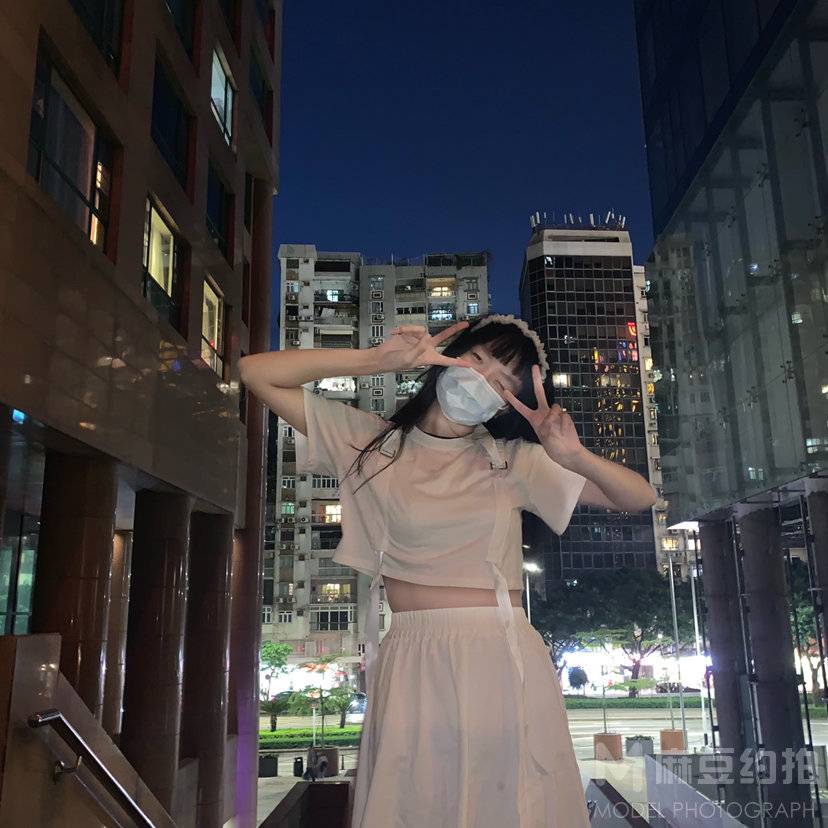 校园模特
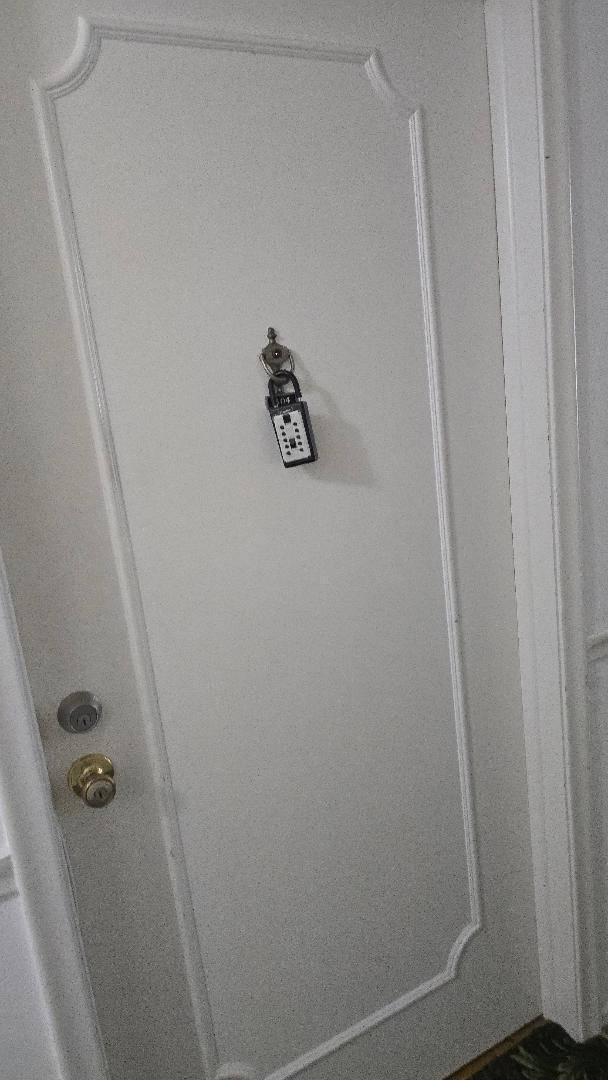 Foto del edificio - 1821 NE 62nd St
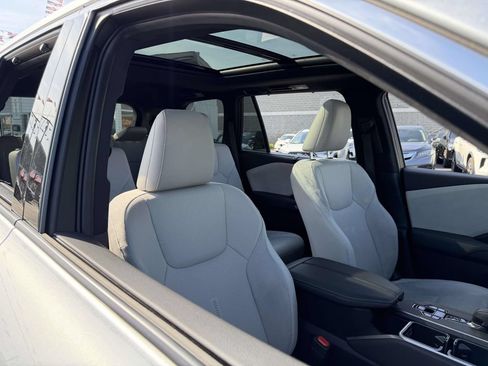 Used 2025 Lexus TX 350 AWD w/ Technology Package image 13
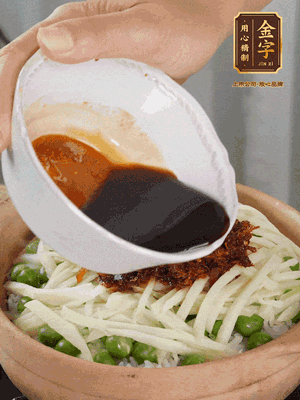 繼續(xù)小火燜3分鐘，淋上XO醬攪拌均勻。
—————
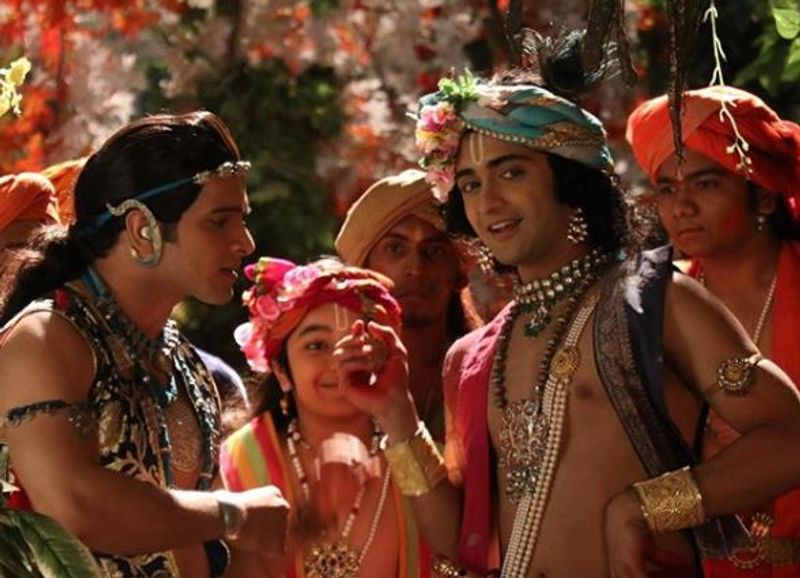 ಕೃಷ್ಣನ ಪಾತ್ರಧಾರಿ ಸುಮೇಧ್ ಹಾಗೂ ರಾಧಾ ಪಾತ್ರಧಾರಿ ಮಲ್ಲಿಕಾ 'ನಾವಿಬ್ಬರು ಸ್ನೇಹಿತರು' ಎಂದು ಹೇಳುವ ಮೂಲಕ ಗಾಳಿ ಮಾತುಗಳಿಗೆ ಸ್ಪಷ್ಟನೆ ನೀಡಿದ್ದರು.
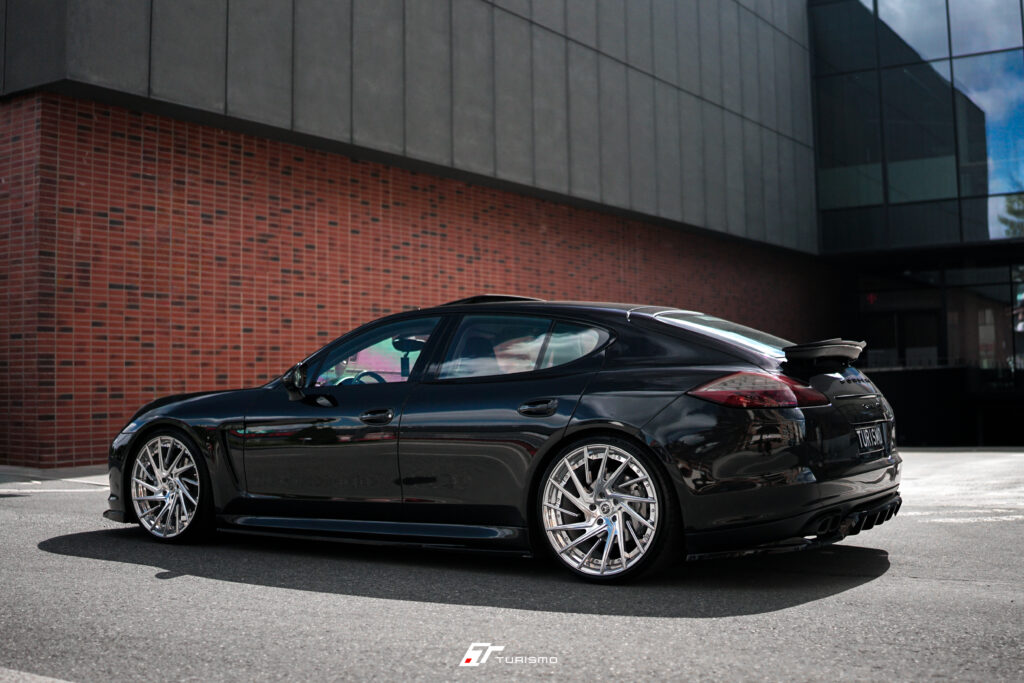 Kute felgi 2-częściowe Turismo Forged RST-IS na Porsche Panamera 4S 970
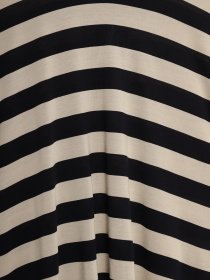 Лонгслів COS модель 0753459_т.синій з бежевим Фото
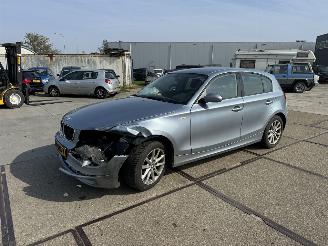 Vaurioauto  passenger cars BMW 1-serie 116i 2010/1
—————
**PROMPT:** Find the line with "Foto del edificio - 1821 NE 62nd St" and the line with "繼續(xù)小火燜3分鐘，淋上XO醬攪拌均勻。" in the records above. Copy both and all lines between them exactly, without pictures.

**EXERCISE ANSWER:**
 Foto del edificio - 1821 NE 62nd St
 Used 2025 Lexus TX 350 AWD w/ Technology Package image 13
 繼續(xù)小火燜3分鐘，淋上XO醬攪拌均勻。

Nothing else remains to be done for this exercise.